*** Begin section ***

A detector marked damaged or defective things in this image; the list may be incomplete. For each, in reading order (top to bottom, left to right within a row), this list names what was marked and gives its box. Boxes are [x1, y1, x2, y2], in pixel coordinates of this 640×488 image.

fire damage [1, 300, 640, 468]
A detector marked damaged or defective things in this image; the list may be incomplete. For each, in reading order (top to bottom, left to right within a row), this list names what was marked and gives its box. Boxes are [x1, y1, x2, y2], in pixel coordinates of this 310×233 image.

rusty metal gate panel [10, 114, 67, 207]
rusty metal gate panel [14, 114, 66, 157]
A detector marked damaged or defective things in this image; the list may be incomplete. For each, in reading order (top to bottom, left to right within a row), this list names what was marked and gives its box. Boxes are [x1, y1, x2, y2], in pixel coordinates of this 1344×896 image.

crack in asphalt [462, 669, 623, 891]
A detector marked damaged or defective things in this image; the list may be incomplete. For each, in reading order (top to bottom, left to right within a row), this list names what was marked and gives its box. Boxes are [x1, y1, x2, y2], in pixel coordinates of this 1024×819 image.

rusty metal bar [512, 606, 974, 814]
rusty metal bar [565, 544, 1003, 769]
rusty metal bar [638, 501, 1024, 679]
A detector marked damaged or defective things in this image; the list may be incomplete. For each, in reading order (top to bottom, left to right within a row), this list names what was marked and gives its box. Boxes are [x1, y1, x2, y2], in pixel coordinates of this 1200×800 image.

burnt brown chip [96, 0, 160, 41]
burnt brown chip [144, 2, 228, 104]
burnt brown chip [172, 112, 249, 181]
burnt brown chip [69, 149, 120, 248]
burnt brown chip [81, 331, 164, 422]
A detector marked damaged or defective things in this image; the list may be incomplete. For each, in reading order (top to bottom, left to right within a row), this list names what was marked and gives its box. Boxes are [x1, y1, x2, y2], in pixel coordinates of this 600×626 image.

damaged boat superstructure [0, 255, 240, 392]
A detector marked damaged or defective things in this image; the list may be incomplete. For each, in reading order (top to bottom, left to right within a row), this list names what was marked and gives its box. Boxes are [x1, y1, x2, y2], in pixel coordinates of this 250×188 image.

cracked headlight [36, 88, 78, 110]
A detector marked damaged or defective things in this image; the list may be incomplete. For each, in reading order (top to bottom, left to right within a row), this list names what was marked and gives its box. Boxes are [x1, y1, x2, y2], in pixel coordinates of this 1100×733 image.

*** End section ***

Exercise details: Beginning with the line that contains "this 250×188 image.", write out every line through the end of the entries above, exactly.

Answer section:
A detector marked damaged or defective things in this image; the list may be incomplete. For each, in reading order (top to bottom, left to right within a row), this list names what was marked and gives its box. Boxes are [x1, y1, x2, y2], in pixel coordinates of this 250×188 image.

cracked headlight [36, 88, 78, 110]
A detector marked damaged or defective things in this image; the list may be incomplete. For each, in reading order (top to bottom, left to right within a row), this list names what was marked and gives its box. Boxes are [x1, y1, x2, y2], in pixel coordinates of this 1100×733 image.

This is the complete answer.